ABSTRACT

Most research on language and social interaction (LSI) has been decidedly action focused, more concerned with what people do (i.e., vocal and visible behaviors) and how they do it (e.g., through mutual orientation and coordination), less concerned with subjects’ possible cognitive states (e.g., intentions, motivations, and understandings). Conversation analysis (CA) especially has been touted as an empirically rigorous alternative to mentalistic perspectives that regard language as a way to study underlying psychological states, structures, and competencies. Robert Hopper (1997), for example, described himself as a “cognitive agnostic.” Though not denying the existence and potential importance of cognition, he insisted that researchers “should distinguish between calculated speech and most social interaction…distinguish what actors do from what theorists may infer” (p. 6). Hopper’s agnostic stance was consistent with CA as it has generally been described and applied.

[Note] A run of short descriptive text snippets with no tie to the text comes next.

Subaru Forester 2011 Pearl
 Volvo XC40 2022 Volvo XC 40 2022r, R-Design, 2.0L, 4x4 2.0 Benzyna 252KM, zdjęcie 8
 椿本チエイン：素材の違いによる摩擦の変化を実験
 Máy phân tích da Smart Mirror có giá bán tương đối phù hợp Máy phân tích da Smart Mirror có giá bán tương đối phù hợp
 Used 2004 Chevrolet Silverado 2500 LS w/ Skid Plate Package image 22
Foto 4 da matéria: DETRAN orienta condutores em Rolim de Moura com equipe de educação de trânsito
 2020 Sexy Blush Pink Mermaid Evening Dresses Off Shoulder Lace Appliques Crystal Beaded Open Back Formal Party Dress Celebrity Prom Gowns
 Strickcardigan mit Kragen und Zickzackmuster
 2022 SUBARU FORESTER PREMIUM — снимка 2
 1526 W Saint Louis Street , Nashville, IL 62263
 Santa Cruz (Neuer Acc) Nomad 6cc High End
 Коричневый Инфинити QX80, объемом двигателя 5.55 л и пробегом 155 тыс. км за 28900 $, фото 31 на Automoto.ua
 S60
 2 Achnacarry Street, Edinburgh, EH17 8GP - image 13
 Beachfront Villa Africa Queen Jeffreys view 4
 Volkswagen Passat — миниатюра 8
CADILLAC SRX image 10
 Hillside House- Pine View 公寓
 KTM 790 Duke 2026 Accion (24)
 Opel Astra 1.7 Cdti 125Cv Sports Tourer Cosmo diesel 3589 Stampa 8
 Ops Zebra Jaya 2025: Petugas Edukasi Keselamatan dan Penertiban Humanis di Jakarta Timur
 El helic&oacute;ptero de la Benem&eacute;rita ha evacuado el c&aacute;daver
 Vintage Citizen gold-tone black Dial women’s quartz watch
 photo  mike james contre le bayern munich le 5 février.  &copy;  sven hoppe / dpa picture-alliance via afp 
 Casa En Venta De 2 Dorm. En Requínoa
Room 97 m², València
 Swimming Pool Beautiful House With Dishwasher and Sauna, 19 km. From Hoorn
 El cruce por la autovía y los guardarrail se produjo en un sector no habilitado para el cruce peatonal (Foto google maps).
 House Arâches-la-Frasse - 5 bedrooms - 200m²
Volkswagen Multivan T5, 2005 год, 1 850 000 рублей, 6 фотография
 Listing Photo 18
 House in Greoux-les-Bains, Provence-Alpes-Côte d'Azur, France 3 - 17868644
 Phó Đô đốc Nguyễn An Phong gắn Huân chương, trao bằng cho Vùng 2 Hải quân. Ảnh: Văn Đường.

Heritage (1990/1991) observed that “conversation analysts have sought, wherever possible, to avoid a terminology of social action that invokes mentalistic predicates and thereby anthropomorphizes processes that may be less anthropomorphic than we conventionally believe” (pp. 328-329). (See also Heritage, 1984; Hopper, 1989, 1990, 1992; Hopper, Koch, & Mandelbaum, 1986; Hutchby & Wooffitt, 1998; Jacobs, 1988; Levinson, 1983; Pomerantz, 1990; Psathas, 1995.)

We agree with and indeed celebrate the efforts of Hopper, Heritage, and others to place CA work on a rigorous foundation, one that does not allow ungrounded speculation with respect to interactants’ hypothesized states of mind. In our own studies of classroom interaction (cf, Koschmann, Glenn, & Conlee, 2000; LeBaron, 1998; LeBaron & Koschmann, 1999; LeBaron & Streeck, 2000), however, we have been brought to examine how participants avow and ascribe mentalistic predicates to themselves and to others in the course of their joint and ongoing learning activities. A question for us, therefore, has been how can we as analysts document the practical methods by which these activities are accomplished without abandoning the standards of warrantability set forth by the founders of our field?